I was in Libya five times. Why? Because if you’re caught while crossing the Mediterranean Sea it’s the beginning of your worse nightmare. You don’t even have enough to eat. You go out to find something you’re kidnapped. It’s not easy! It’s the only country World that every Friday they sell weapons on the sidewalk Kalashnikovs are sold for less than a dollar, only in Libya. The young girls. If you see our African sisters in Libya. The way that they’re being tortured! In the prison in raskah, they make the men take off your clothes, they force you to sleep with your own brother! Your friend that you eat together you have to sleep with him. If you don’t do it my brother, they break your legs with weapons.
Our African leaders you stay quiet with your mouth closed. That little video from cnn that you saw, that is painful. It’s turning the world upside down. If they show you the actual reality, it could set off a Third World War. But we didn’t have phones at that time to film what was happening. There’s worse than selling blacks in Libya. There’s much worse! There’s much much worse than that! When I say much worse, believe me. I experienced Libya from the entrance to exit. Time is of the essence we don’t even have a second to waste.

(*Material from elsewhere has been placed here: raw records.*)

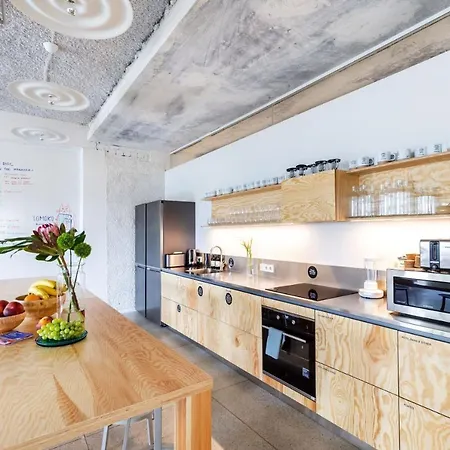 Apartament Tech Coliving&coworking Spaces *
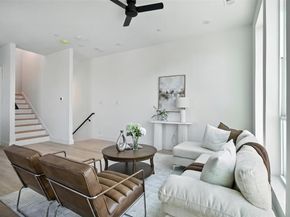 312 N Lancaster Avenue  101, Dallas Texas 75203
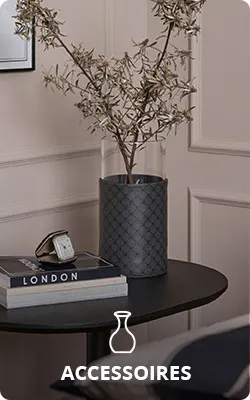 Accessoires. Schwarzer Beistelltisch mit Vase in Dunkelgrau und Cornflower-Muster, Bücher und eine Uhr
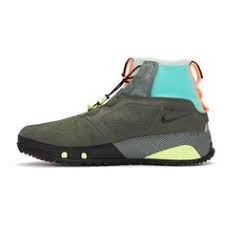 Ini biasanya dipadankan dengan pakaian kasual wanita untuk kelihatan santai. 170 Nikes Ideas Nike Shoes Adidas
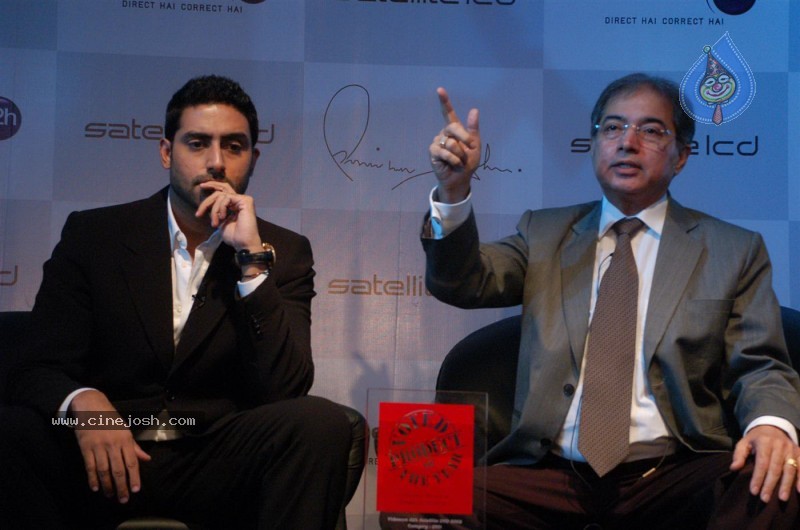Abhishek Bachchan at Videocon D2H event - 1 / 37 photos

Libyans have private prisons. Meaning every Libyan built his own private prison. He can catch 15-20-40 migrants depending on how big his house is. Locks you up and forces you to pay. We don’t talk about (the) people who are being kidnapped and held in private prisons.

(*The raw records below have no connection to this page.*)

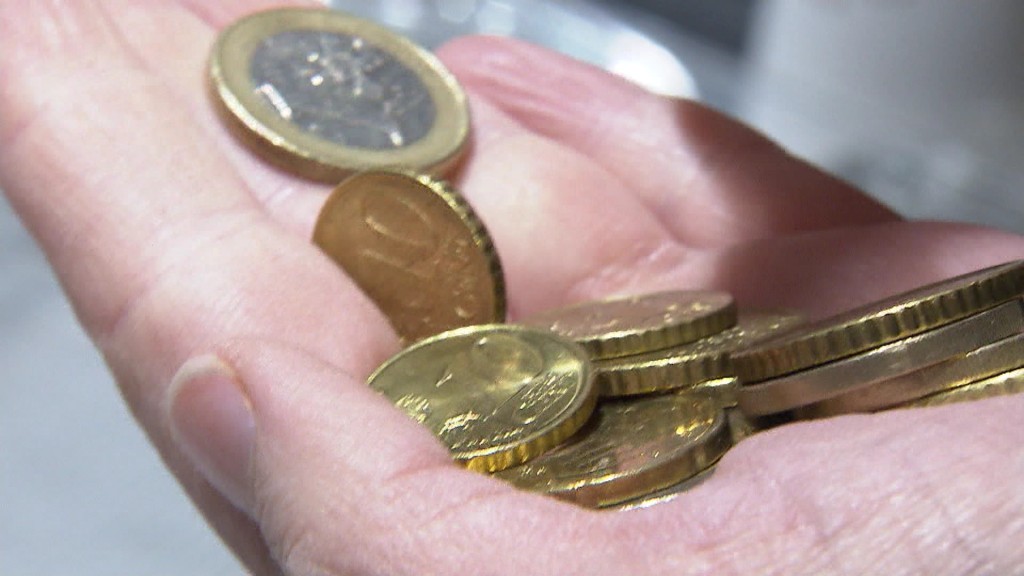 Hand mit Euro Münzen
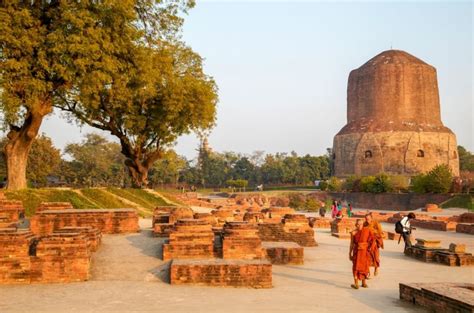 Dhamek stupa - An Awesome historical place of Varanasi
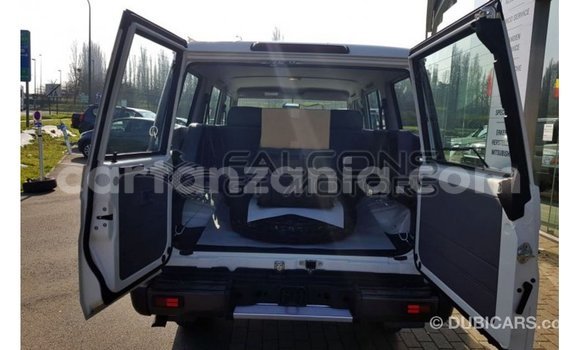 Buy Import Toyota Land Cruiser White Car in Import - Dubai in Arusha Buy Import Toyota Land Cruiser White Car in Import - Dubai in Arusha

The Libyan state prisons, financed by Europe to stop migration of African in Europe. The same people catch migrants in Mediterranean Sea are the same people that resell them to rebels and submit them to slavery like you’ve seen. Make them work hard! Many Africans died! When Africans die at sea their corpse wash up on the shore in Souara. The city where I was living. No one is filming this. Here’s a very simple example, when they send 15 – 20 boats in Mediterranean Sea there might be 7 boats that make it. What happened to the other boats? They all drowned! One boats holds 120 migrants at one time. Imagine if 15 oats were sent out and only 7 make it, meaning 8 drown at sea. If you multiply 120 migrants boats it equals a lot of dead blacks. You know how that happens? You’ve never heard of African cemeteries and Libya, you never ask about corpses of Africans that drowned in the Mediterranean. You’ve never understood the system. We pick up the blacks. It’s thousands of dead corpses, we dig a big hole, we dump the corpses inside the hole. We never cover the hole with dirt. Just to make the Africans believe that they were buried. It’s not done! That’s when the organ trafficking starts.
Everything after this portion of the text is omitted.